> **Activity**: Nothing but the lines from the one containing "on her cure" through the last line of the data below should be returned, each copied exactly.

> **Extracted information**:
□ □ □ □
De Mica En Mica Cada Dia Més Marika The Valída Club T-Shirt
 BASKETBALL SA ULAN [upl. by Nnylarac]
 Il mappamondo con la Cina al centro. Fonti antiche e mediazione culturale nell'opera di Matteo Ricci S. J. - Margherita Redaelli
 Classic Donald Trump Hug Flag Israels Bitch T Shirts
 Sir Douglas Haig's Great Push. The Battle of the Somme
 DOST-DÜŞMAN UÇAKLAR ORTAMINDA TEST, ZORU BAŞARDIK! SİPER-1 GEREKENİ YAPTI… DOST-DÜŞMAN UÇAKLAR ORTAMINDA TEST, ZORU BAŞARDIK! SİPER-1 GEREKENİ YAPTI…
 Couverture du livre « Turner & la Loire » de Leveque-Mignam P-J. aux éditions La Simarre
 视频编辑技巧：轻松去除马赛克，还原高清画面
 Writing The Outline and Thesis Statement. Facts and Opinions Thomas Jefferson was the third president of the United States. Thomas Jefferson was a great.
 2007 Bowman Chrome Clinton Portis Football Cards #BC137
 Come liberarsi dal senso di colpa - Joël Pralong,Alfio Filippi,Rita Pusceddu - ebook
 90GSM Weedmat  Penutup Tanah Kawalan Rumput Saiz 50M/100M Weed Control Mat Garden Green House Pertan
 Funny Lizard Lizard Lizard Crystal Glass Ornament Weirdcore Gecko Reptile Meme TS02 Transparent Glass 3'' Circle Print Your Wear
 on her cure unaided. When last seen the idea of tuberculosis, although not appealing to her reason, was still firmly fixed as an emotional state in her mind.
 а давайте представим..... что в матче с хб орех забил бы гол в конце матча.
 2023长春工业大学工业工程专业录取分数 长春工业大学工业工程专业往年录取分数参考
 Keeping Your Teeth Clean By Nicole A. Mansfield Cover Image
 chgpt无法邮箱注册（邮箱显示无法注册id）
□ □ □ □
> **Solution for this problem**:
 on her cure unaided. When last seen the idea of tuberculosis, although not appealing to her reason, was still firmly fixed as an emotional state in her mind.
 а давайте представим..... что в матче с хб орех забил бы гол в конце матча.
 2023长春工业大学工业工程专业录取分数 长春工业大学工业工程专业往年录取分数参考
 Keeping Your Teeth Clean By Nicole A. Mansfield Cover Image
 chgpt无法邮箱注册（邮箱显示无法注册id）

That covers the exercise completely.